Tooze does a good job of putting the Clinton-Obama policies in a good light. There is little question that many US jobs were exported to China, and that economic pain was enough to stimulate the surge of populism that placed Trump in the White House via the archaic Electoral College. But there were other ways the US could have address that economic pain.
“Thanks to the painstaking work of labour economists we can trace, county by county, the impact of Chinese imports and the loss of factory jobs across the US. The evidence of the shock is clear enough, but so too are its modest proportions. High-side estimates put the total number of jobs lost in the US because of Chinese imports at 2.5 million, which is little more than 2 per cent of the workforce. To describe this as ‘American carnage’ is a dramatic rhetorical inflation. The significant fact, though, is that 2.5 million amounts to 20 per cent of the manufacturing labour force. These were the fabled well-paid manual jobs that stand for the vanished American dream of blue-collar prosperity.
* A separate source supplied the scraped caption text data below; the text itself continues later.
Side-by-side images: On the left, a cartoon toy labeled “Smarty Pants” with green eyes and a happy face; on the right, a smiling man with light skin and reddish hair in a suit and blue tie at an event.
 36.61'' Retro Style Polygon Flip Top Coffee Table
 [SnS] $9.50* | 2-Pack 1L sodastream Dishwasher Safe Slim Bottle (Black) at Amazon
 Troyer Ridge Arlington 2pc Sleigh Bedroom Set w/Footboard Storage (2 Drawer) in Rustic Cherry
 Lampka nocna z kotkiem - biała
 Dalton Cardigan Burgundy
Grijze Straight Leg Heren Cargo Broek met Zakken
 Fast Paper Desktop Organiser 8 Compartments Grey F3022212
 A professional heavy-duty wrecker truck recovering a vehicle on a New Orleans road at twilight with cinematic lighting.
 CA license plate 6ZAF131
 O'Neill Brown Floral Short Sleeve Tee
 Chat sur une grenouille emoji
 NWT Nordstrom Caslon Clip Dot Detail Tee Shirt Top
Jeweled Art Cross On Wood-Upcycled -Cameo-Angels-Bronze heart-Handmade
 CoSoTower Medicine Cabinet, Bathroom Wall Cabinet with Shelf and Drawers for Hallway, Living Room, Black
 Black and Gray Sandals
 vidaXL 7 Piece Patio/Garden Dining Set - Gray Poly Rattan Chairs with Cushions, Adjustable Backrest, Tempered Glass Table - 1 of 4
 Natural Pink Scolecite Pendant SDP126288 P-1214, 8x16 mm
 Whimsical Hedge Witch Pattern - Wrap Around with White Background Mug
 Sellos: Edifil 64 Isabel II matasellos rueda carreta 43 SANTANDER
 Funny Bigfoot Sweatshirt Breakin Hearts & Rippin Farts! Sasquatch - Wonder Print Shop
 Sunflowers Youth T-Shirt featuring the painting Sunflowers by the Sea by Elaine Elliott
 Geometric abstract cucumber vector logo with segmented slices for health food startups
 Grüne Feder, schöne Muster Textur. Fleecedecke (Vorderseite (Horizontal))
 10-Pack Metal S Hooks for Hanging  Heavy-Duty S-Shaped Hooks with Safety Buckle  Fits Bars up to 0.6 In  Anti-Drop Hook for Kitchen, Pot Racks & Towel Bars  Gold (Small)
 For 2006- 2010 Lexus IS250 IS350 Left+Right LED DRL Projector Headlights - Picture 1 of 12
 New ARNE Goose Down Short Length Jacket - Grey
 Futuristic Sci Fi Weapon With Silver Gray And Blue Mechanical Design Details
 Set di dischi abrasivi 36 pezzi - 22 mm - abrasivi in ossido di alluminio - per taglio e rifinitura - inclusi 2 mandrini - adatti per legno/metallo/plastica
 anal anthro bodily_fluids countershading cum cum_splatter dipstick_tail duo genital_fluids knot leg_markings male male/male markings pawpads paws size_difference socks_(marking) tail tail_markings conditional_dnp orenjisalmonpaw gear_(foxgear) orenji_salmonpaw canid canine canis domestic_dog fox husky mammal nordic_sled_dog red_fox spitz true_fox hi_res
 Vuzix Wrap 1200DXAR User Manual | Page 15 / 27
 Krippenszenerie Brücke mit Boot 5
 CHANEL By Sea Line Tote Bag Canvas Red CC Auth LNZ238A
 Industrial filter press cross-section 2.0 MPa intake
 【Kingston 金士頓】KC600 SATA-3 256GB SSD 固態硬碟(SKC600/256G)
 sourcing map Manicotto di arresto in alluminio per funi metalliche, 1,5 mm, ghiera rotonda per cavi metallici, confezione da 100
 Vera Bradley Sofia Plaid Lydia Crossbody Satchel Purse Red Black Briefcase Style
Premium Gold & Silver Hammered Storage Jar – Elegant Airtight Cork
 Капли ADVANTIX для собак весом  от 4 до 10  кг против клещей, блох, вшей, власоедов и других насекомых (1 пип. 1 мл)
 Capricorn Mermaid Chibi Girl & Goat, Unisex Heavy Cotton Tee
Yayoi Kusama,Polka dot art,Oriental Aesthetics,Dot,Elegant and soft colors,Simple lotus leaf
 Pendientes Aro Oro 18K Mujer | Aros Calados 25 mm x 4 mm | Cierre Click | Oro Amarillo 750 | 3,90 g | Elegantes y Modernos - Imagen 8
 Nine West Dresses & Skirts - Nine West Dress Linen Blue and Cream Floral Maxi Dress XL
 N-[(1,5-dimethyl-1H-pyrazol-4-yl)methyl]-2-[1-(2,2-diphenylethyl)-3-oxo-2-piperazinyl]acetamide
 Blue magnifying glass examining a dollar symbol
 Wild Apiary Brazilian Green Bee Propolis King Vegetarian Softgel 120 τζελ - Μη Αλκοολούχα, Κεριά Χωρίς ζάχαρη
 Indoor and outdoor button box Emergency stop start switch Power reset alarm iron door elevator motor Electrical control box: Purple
“Given the resources of American government, a shock on this scale could have been cushioned through spending on welfare, education, reinvestment and relocation. But that would have required creative politics, which is precisely what has been obstructed by the Republicans. Instead the problem wasn’t addressed, unleashing a pervasive status anxiety among lower-middle-class and working-class white Americans, especially men. It was in the counties where the highest number of jobs were lost because of the China shock that Trump scored best in the 2016 election. There wasn’t a huge national swing in electoral terms, any more than the China shock was a huge national labour market crisis. But thanks to the rickety construction of America’s 18th-century constitution, all that Trump needed to do to win the presidency was exploit a series of concentrated local crises.”
The danger of the Trump China policy is that it has raised military tensions in the South China Sea, over Taiwan, over the products of Huawei, and the human rights of people in Hong Kong, Tibet, and Xinjiang. If President Trump is not re-elected in November, then the first order of business for the Biden Administration is to return to the process of encouraging the Chinese to support the multilateral institutions of the post-1945 world.